I'd driven by the striking new headquarters of USA Today in Washington's Virginia suburbs countless times before one day I actually got to peek inside that glittery glass box. Tom Curley, at the time the paper's publisher (he subsequently took over the Associated Press), had been out to chat with several of our journalism classes at the University of Maryland, and in turn he invited us to take a tour.

So it was that I found myself traipsing through the paper's modern newsroom one morning with several dozen graduate students and faculty. The odds were long that we would run into the paper's star correspondent, Jack Kelley, as on any given day you were more likely to find him in Jerusalem or Sarajevo or Havana than Tysons Corner. But we kept an eye out, just in case.

Kelley's startling dispatches from remote locales had made him the best-known news reporter at USA Today and had fueled the growing reputation for substantive journalism at a place once derided as "McPaper." (See "The Next Generation") The newspaper establishment conveyed its own imprimatur in 2002 when Kelley was named a Pulitzer finalist for beat reporting.

More to the point for us, Kelley was a Maryland journalism graduate and someone who, in the few times I had met him, had demonstrated great affection for his alma mater. So it was a pleasant surprise when he actually happened to be at his desk that day. He lit up when he saw us and needed no arm-twisting to speak to the group.
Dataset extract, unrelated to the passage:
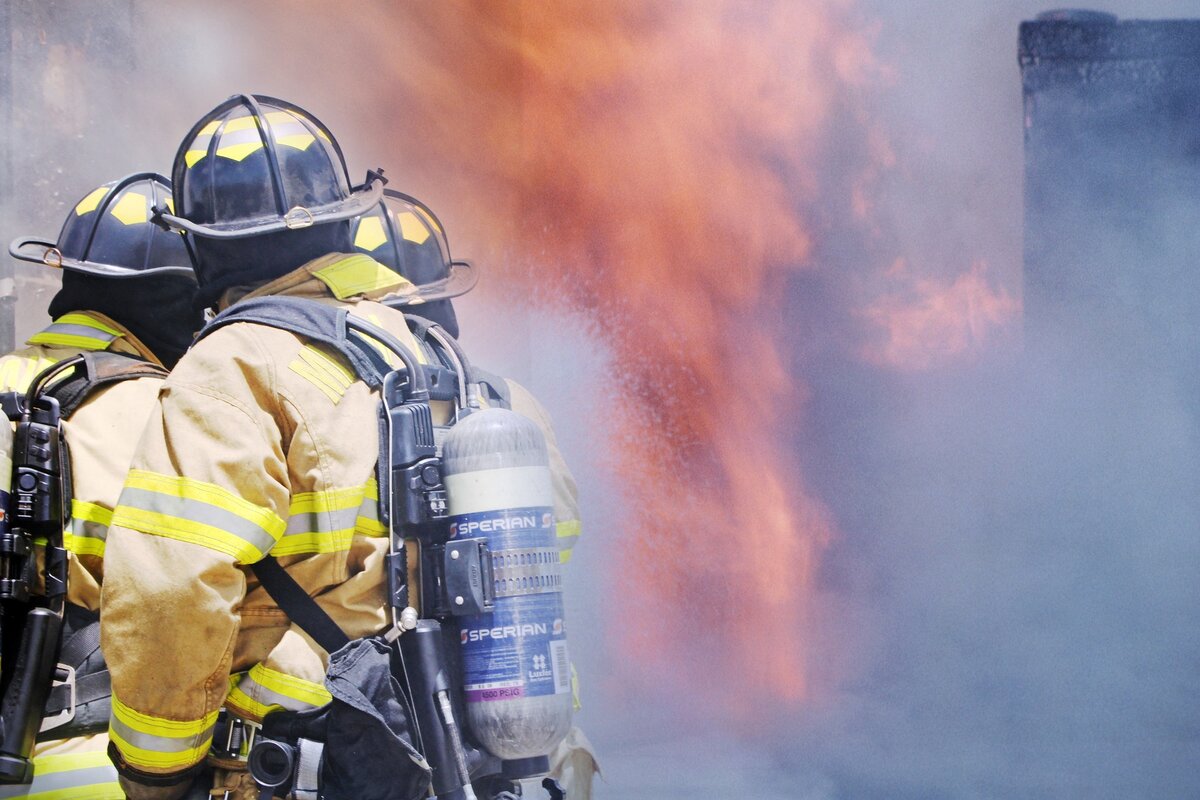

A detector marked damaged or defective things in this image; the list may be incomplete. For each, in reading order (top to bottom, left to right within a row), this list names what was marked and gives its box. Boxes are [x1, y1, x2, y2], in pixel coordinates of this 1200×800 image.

dark burnt structure [1017, 10, 1200, 367]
Journalism students are accustomed to hearing war stories from their elders, but in Kelley's case they literally were war stories, and we were rapt. Kelley punctuated these tales with a box full of props, which included his well-worn flak jacket. It was pretty clear he had done this rap a time or two before, but it didn't matter. He was a recruiter's dream--inspirational, yet down to earth. Everything about him said, "You too could be doing stories like this."

Now, of course, we are left to wonder how many of the stories were true.
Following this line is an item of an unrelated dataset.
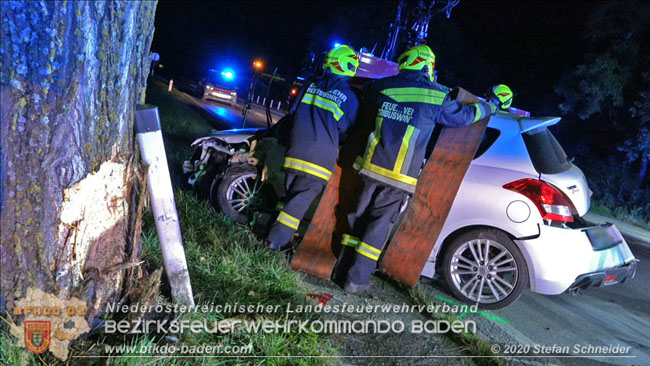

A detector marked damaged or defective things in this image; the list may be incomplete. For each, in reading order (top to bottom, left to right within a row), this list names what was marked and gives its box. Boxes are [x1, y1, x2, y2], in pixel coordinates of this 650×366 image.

crashed white car [185, 108, 636, 308]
USA Today recently disclosed that a number of Kelley's more colorful foreign reports, in a pattern reaching back a decade, were inventions. There were further instances of plagiarized material, and over the course of the paper's investigation Kelley apparently attempted to "coach" some sources in how to parry the allegations against him.

It was the second episode in a year of serial fabrication at a major American newspaper, the other being the transgressions of the New York Times' Jayson Blair (see "All About the Retrospect," June/July 2003). As it happens, Blair also attended this journalism school. While no one is holding Maryland accountable for the immoral actions of two grown men, I'm profoundly saddened by their connection to a program that so many others have honored with work of the highest caliber. And as a journalist, I'm profoundly angry.
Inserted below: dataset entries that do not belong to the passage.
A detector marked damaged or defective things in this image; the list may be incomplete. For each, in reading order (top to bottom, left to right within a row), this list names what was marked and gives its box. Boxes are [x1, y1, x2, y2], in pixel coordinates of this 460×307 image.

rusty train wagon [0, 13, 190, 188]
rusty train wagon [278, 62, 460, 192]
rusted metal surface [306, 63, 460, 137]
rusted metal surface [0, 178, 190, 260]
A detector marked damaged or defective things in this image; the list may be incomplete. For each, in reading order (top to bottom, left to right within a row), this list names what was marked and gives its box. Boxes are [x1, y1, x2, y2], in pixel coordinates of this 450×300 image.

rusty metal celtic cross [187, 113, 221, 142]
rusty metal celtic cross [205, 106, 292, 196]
Did Kelley's reporting have the hallmark of work that was too good to be true? Did the paper overlook warning signs, as some in Jill Rosen's story in this issue (see "Who Knows Jack?") would have it?

Maybe. But jealousy is part of the trade. Anybody who has been in journalism as long as I have has seen colleagues with the uncanny knack for being in just the right place at just the right time, who are able to come across just the right anecdote for a lead, who can coax just the right quote from a source to make a story jump. Sometimes the material was so perfect that you wondered if it was an embellishment. But then you thought, well, maybe he just works harder than I do, and in your shame and insecurity you banished the uncharitable thought--though never entirely.

So I won't point fingers. But I will raise a broader concern, one echoed by my colleague Rem Rieder, who rattles off a list of other recent transgressions at papers all around the country (see Full Court Press). As individual crimes they don't rise to Blair or Kelley proportions, but taken together they are just as troubling. Maybe more troubling, as the actions of individuals can be written off as aberrations. Half a dozen episodes speak to something endemic to the system.

What's happening here? Is it the pressure of the nonstop news cycle? Is it the pressure to produce more news with fewer people? Is it the self-imposed pressure of people grinding in an increasingly competitive industry? Is it the ready access to computerized databases, making it too easy or tempting to cheat? Is it a "Survivor" and "Apprentice" culture that says the means don't matter, only the ends?

It may be none of those things, or all. But we'd better figure it out, and fast.